AI-Powered PPE In Singapore General Hospital


A project team from the Singapore General Hospital’s (SGH) Nursing Division worked with a business that makes personal protective equipment (PPE) specifically for hospital use. The hands-free option makes use of cloud computing and artificial intelligence (AI) technology to automatically guide and verify compliance with SGH’s strict PPE protocol.


According to Ang Shin Yuh, Deputy Director, Nursing Division, SGH, PPE is the first line of defense against infectious diseases, but it is only effective when worn properly. Before entering the Halls, nurses who were assigned to the Community Care Facility at the Singapore Expo in 2020 to care for migrant workers who tested positive for COVID-19 had to double-check each other’s PPE.

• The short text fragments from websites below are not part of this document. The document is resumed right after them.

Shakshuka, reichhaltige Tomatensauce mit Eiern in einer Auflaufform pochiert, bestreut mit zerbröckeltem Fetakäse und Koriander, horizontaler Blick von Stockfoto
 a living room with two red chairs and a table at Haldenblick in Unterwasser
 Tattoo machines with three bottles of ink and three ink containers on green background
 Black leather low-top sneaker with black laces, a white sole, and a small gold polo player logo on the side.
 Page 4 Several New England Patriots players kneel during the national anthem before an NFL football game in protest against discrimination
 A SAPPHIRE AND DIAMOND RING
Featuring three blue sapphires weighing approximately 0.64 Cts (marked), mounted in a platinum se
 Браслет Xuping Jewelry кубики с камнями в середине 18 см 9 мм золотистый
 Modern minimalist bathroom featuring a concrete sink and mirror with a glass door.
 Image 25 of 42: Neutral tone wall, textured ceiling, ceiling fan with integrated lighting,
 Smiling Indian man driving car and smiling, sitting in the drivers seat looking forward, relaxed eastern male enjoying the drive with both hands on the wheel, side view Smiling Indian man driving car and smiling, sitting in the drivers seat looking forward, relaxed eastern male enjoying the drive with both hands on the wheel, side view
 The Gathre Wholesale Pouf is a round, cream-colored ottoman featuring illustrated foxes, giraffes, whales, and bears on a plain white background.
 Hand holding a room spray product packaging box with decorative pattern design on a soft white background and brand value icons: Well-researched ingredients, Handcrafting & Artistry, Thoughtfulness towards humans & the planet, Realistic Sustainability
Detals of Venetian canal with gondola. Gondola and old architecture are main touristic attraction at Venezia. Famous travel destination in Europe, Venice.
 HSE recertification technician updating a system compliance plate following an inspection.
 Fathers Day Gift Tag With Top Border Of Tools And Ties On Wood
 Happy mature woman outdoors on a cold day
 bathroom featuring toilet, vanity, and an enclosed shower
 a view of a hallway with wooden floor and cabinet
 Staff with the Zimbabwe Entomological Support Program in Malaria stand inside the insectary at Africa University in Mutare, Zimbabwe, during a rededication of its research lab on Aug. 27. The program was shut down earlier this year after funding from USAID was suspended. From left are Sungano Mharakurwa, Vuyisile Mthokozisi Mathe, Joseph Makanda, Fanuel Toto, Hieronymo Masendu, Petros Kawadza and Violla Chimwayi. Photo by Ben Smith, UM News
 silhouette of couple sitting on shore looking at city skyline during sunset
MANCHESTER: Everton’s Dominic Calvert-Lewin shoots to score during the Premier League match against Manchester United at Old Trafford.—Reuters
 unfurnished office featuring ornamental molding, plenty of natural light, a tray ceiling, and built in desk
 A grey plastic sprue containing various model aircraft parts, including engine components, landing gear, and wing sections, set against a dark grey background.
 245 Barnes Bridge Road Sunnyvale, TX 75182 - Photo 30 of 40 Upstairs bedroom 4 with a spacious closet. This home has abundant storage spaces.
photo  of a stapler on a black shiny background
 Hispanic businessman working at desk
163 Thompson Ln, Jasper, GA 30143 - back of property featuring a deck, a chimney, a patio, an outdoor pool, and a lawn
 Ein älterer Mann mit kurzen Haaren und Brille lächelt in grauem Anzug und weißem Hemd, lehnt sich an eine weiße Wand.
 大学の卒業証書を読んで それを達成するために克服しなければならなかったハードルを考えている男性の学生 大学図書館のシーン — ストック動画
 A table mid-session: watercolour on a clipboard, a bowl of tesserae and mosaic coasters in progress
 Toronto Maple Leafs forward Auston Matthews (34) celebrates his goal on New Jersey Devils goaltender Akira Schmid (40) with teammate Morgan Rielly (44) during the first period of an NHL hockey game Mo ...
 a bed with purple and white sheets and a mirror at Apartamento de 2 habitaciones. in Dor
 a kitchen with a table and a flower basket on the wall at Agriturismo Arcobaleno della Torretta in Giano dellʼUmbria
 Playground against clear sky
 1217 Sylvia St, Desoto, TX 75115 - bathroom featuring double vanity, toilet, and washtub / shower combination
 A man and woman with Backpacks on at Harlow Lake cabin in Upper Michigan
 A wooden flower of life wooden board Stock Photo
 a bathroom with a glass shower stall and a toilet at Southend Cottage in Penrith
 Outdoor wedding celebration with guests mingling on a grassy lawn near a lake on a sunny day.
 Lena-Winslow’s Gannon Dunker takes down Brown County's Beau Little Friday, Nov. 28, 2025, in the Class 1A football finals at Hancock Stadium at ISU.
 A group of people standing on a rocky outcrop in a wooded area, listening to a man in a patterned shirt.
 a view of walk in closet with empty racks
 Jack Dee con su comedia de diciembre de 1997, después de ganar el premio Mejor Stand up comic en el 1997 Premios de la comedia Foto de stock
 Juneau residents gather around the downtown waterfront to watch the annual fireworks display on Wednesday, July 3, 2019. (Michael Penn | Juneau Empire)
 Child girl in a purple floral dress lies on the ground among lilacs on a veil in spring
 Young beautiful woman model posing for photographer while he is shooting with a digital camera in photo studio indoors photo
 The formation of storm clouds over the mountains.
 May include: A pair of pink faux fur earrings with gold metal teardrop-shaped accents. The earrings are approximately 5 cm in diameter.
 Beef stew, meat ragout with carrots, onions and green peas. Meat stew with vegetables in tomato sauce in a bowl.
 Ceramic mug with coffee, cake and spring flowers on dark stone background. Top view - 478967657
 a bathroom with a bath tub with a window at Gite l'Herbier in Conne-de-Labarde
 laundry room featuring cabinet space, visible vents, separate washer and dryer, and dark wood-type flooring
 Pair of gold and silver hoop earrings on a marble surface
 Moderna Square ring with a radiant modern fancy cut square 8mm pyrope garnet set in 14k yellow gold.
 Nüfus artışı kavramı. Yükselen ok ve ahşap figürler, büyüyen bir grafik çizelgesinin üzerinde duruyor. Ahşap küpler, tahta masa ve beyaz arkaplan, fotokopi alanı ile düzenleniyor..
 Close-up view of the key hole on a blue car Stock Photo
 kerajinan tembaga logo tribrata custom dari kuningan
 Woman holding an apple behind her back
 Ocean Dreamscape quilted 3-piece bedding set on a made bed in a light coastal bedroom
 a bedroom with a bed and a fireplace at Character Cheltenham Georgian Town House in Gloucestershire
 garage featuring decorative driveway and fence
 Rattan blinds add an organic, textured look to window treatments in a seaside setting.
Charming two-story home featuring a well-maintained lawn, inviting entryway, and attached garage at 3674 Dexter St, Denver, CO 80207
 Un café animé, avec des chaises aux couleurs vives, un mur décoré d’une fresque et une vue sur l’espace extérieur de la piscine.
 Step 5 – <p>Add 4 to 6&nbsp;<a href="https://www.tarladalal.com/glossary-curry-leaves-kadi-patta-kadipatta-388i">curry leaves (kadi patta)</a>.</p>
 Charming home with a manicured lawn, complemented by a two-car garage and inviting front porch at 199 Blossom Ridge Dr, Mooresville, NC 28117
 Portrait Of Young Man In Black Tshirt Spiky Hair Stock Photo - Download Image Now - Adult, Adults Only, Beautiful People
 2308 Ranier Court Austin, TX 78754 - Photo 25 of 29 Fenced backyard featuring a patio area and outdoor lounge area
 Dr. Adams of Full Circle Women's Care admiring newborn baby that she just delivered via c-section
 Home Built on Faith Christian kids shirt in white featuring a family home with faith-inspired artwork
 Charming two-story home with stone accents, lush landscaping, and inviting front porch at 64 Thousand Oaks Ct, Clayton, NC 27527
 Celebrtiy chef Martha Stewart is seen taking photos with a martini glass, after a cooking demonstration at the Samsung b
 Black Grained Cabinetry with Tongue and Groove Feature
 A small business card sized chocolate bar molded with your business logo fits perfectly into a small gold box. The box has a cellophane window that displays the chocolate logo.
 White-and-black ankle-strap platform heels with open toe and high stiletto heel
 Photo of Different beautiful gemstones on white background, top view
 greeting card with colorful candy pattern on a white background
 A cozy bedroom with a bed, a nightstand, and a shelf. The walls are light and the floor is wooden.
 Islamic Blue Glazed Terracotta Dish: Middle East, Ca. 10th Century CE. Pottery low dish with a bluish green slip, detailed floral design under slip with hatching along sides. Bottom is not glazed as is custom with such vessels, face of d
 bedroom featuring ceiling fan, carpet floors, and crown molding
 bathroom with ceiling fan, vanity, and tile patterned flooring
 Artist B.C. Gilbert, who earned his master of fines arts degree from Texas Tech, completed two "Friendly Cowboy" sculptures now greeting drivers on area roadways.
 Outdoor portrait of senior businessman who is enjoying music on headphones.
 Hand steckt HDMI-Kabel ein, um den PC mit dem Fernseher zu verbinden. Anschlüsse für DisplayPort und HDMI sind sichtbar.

In order to assure compliance on the ground, we also had to perform a manual audit each and every day. It required a lot of labor and was not sustainable. This realization prompted us to consider automating the procedure using AI and picture recognition, according to Deputy Director Shin Yuh, who also proposed the idea in the beginning.


The Singaporean government owns the entirety of the not-for-profit SGH. The public healthcare system’s flagship hospital is the one that has recognized issues and is making an effort to fix them. As a result, before anyone enters an isolation facility, SGH tries to make sure that all employees and guests are appropriately wearing their PPE. On the other hand, the nursing project team had to first make the solution better to recognize Asian characteristics and skin tones before customizing it to the Hospital’s demands, including the kinds of PPE utilized.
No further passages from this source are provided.